Captioned web image data
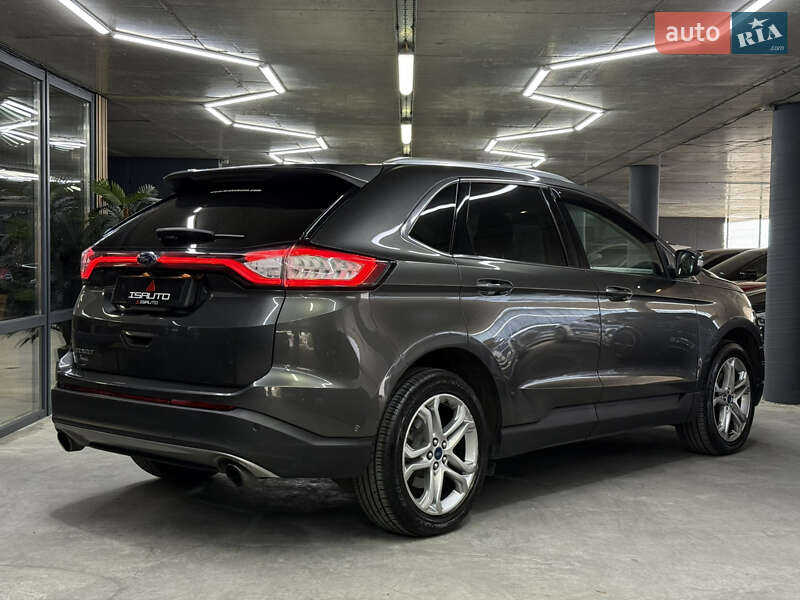 Внедорожник / Кроссовер Ford Edge 2016 в Одессе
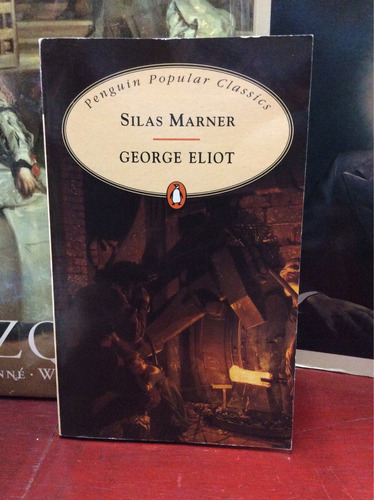 Silas Marner De George Eliot En Inglés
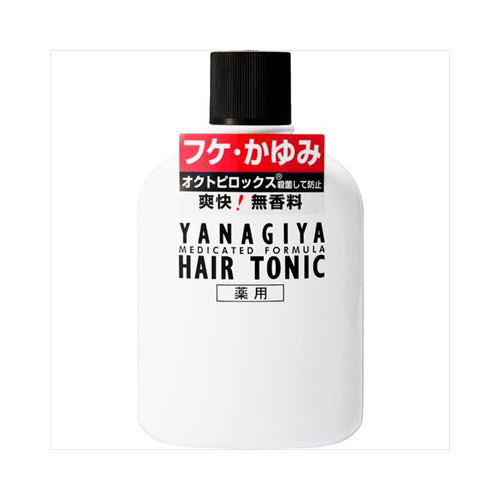 【送料無料】柳屋本店 柳屋 ヘアトニック <フケ・かゆみ用> 240mLJANCODE4903018113853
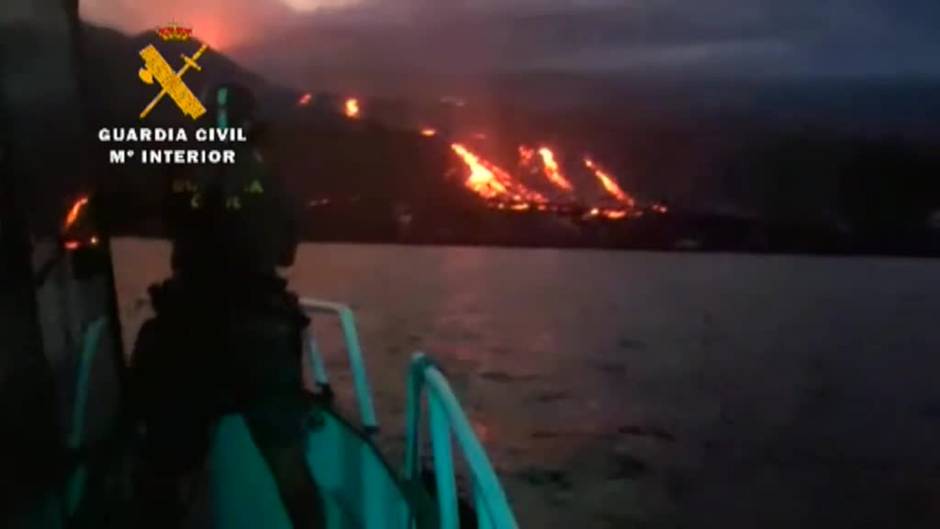 Aumenta 7 grados la temperatura del agua cerca de la fajana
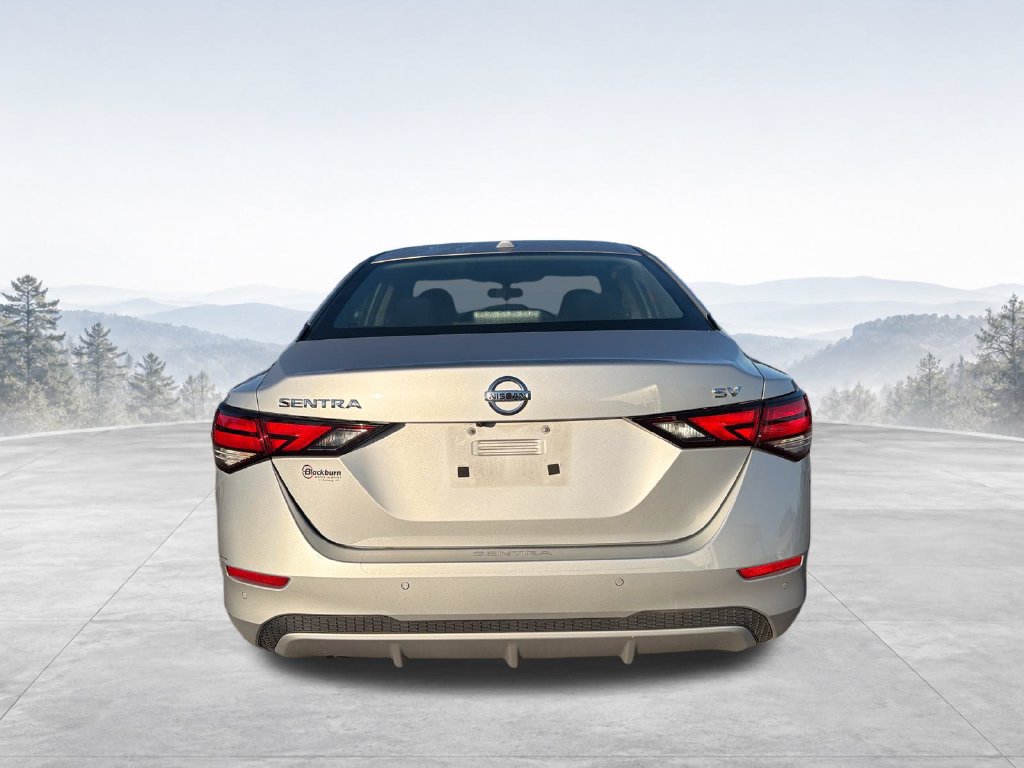 Used 2022 Nissan Sentra SV FWD image 8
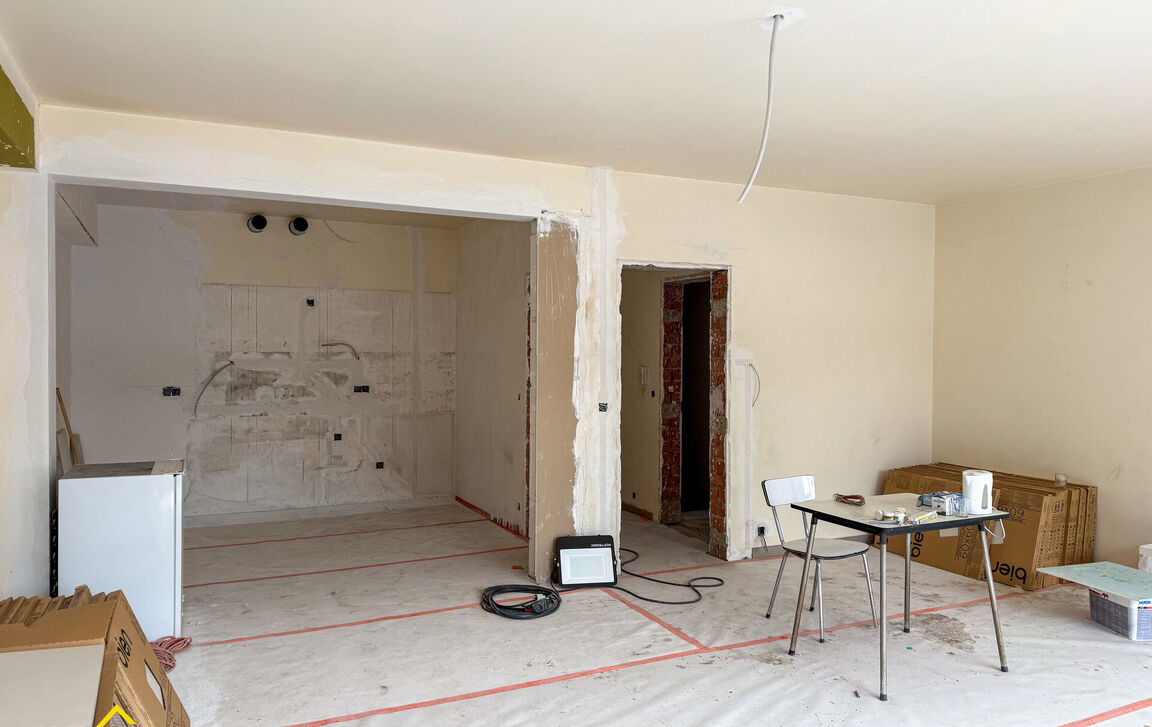 Appartementsgebouw te koop in Aalst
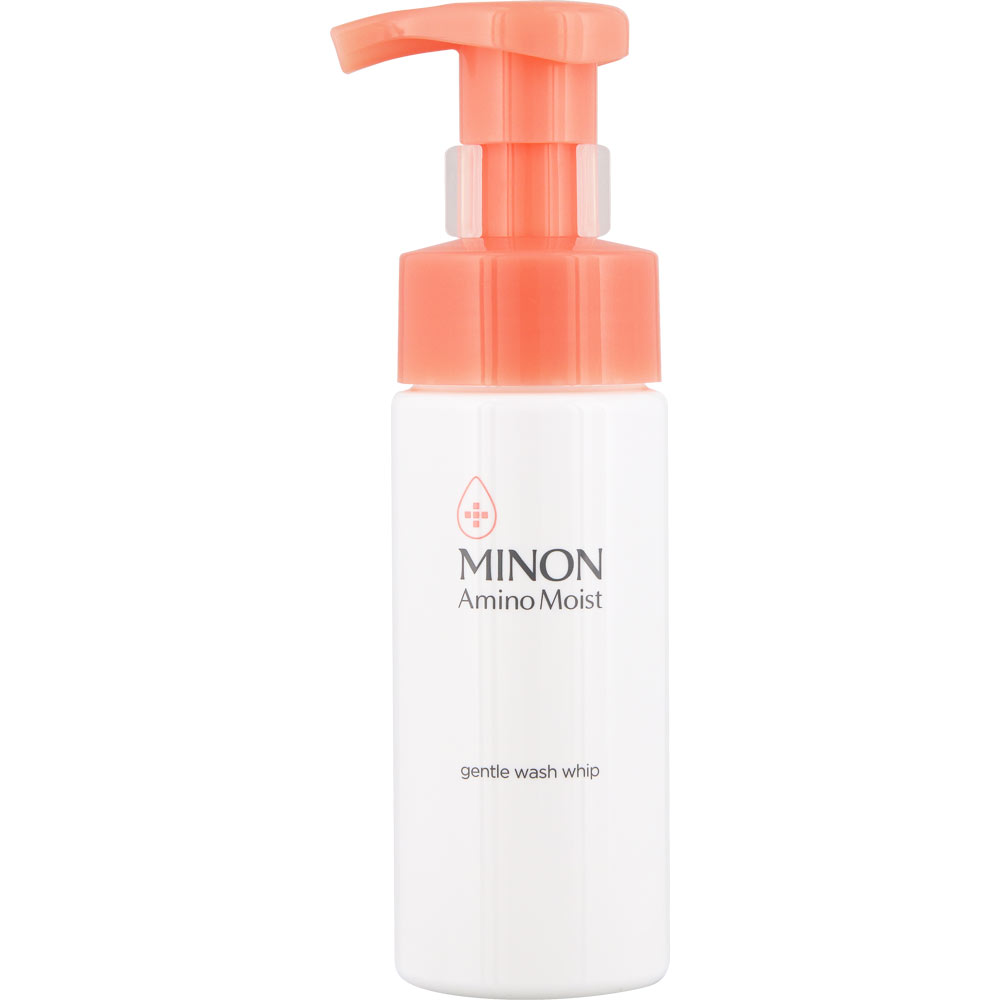 ミノンアミノモイスト　ジェントルウォッシュホイップ １５０ｍｌ 第一三共ヘルスケア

» DESCRIPTION OF THE TASK
Return all of the lines above without alteration, minus the pictures.

» COMPLETED TASK
 Внедорожник / Кроссовер Ford Edge 2016 в Одессе
 Silas Marner De George Eliot En Inglés
 【送料無料】柳屋本店 柳屋 ヘアトニック <フケ・かゆみ用> 240mLJANCODE4903018113853
 Aumenta 7 grados la temperatura del agua cerca de la fajana
 Used 2022 Nissan Sentra SV FWD image 8
 Appartementsgebouw te koop in Aalst
 ミノンアミノモイスト　ジェントルウォッシュホイップ １５０ｍｌ 第一三共ヘルスケア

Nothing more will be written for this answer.